All the other members of the train crew were introduced as witnesses by the defendant. Their testimony was to the effect that it was not the duty of the engineer before starting to look out for the men who might be on the other side of the train, that being the duty of the fireman; that when the engineer pulled out he did not know where Wells was; that he started in the ordinary way, with open throttle, and did nothing in operating the engine that could cause a sudden or unusual lurch of the train; that after a freight train starts there are usually jerks or lurches caused by the running out of the slack between the cars; that after the slack runs out the engineer cannot give any jerk or lurch to the train even by suddenly putting on steam; and that at the time of the injury there was in fact no unusual jerk or lurch of the train. No rebuttal evidence was offered.

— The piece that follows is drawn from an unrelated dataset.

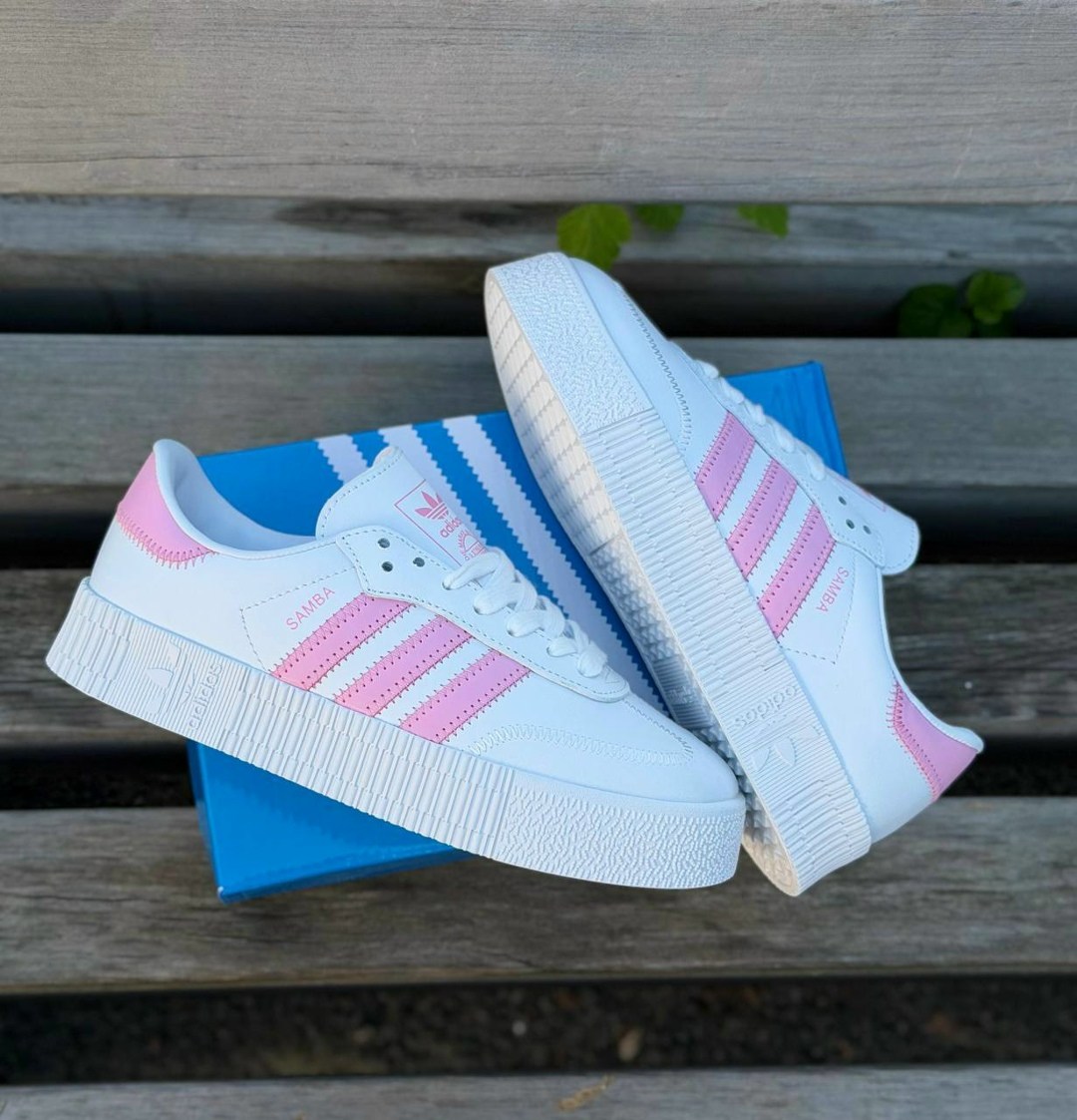 кроссовки adidas,женские кроссовки adidas,кроссовки адидас самба женские,кроссовки мужские женские adidas,адидас кроссовки женские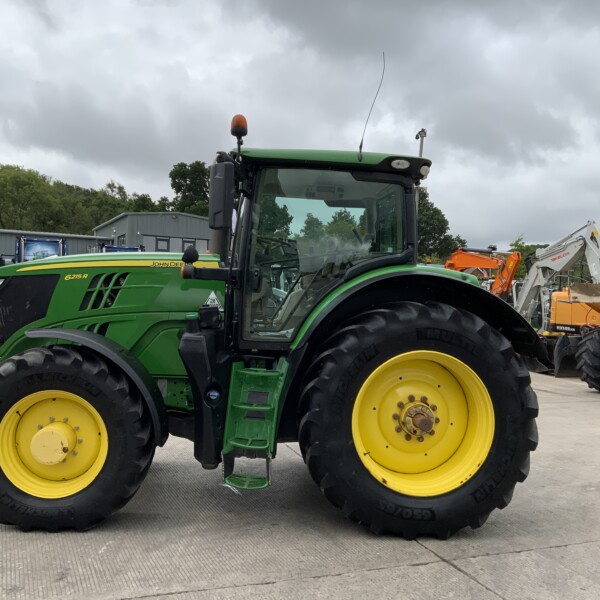 john-deere-6215r-tractor-st23802-john-deere-6215r-st23802-copy-john-deere-6215r-st23802-copy-john-deere-6215r-st23802-img-7957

It is urged here in behalf of Wells that, despite this evidence, the question of the engineer's negligence was property submitted to the jury because of an inference to be drawn from Well's own statement that 'the engine gave an unusual jerk' which was more severe than any he had ever experienced or seen on a local freight train. We cannot sustain this contention. In the first place, there was no evidence that the engineer knew or should have known that Wells was not on the train, but was attempting to get on it after it had started and was in a situation in which a jerk of the train would be dangerous to him. See Texas & Pacific Railway v. Behymer, 189 U. S. 468, 23 S. Ct. 622, 47 L. Ed. 905. Aside from this, Wells' statement that the jerk was given by the engine, was, obviously, a mere conjecture, as he was then at the side of the caboose, ten car lengths away, where he could not see what occurred on the engine. And his opinion that the jerk was unusual and severe as compared with those which he had previously experienced on local freight trains, had no substantial weight; his situation on the ground by the side of the moving train, after his foot had turned on the piece of coal and he had gone 'down,' being plainly one in which he could not compare with any accuracy the jerk which he then felt with those he had experienced when riding on freight trains.


In short, we find that on the evidence and all the inferences which the jury might reasonably draw therefrom, taken most strongly against the Railway Company, the contention that the injury was caused by the negligence of the engineer is without any substantial support. In no aspect does the record do more than leave the matter in the realm of speculation and conjecture. That is not enough. Patton v. Texas & Pacific Railway, 179 U. S. 658, 663, 21 S. Ct. 275, 45 L. Ed. 361; Chicago, M. & St. P. Railway v. Coogan, supra, 478 (46 S. Ct. 564).


As the jury should have been instructed to find for the defendant, we have no occasion to consider other questions which have been argued in reference to the charge to the jury.


The judgment is reversed, and the cause remanded to the Supreme Court of Mississippi for further proceedings not inconsistent with this opinion.




35 Stat. 65, c. 149 (45 USCA §§ 51-59; Comp. St. §§ 8657-8665).